The key is to realize that short-term setbacks in your investments are part of life as a long-term saver. You just don’t want to compound those setbacks with unwise actions.
Keep steady. While stocks and bonds tanked last year, they’re both up this year. (Stocks have risen 11%, while bonds are up 2%.) In fact, stocks have never fallen over a 15-year time period. So try not to let the inevitable market ups-and-downs get you down.
Auto-save. In times of barren markets (or even luscious ones), you may be less likely to put your savings to work. That’s why it’s a good idea to automate your retirement savings, or all savings for that matter.

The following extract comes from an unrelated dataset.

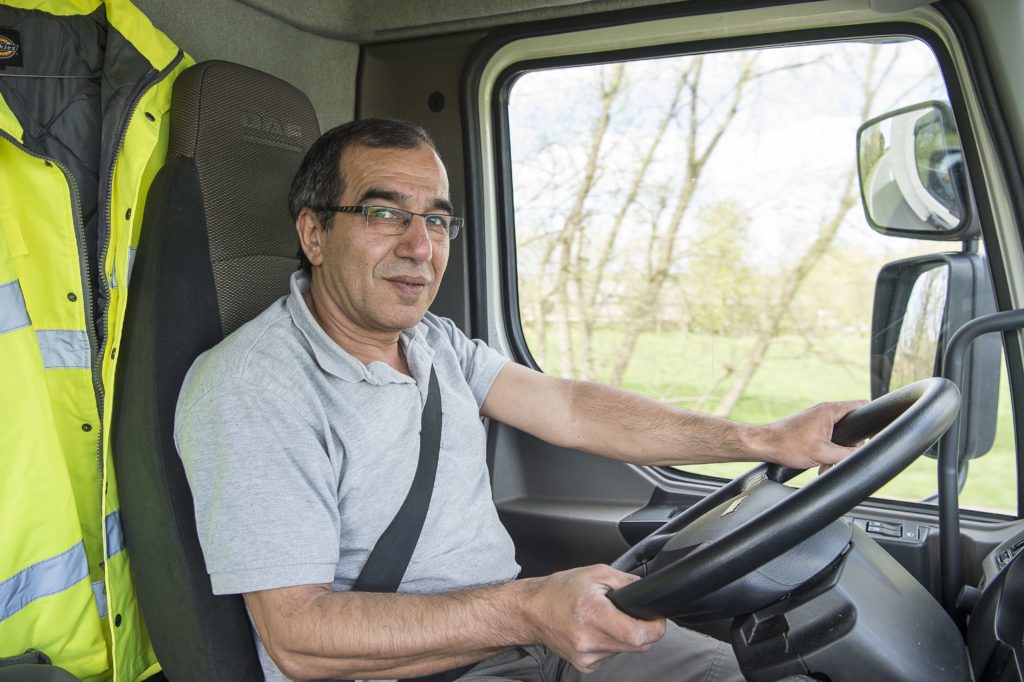 Ali Cütcü auf dem Fahrersitz eines LKW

You should also consider signing up for auto escalation if your plan offers it. (This is when your savings rate goes up by a set percentage at a set time each year.)
Half of every raise. The normal rule-of-thumb is to save 10%-to-15% of your pay, including any employer match, in your retirement fund. That’s a great option, especially if you keep your spending in check. Another option is to save half of every raise. For instance, if you start off making $50,000, and then in 5 years or so earn $80,000 after a new job or two, you’ll be saving $15,000. You’ll have a savings rate of almost 19% and you won’t have gotten used to spending your higher salary.
Methodology
USA Today Blueprint analyzed data from the United States Census Bureau Household Pulse Survey to determine the number of people in each state and city who reported feeling various levels of stress due to rising prices.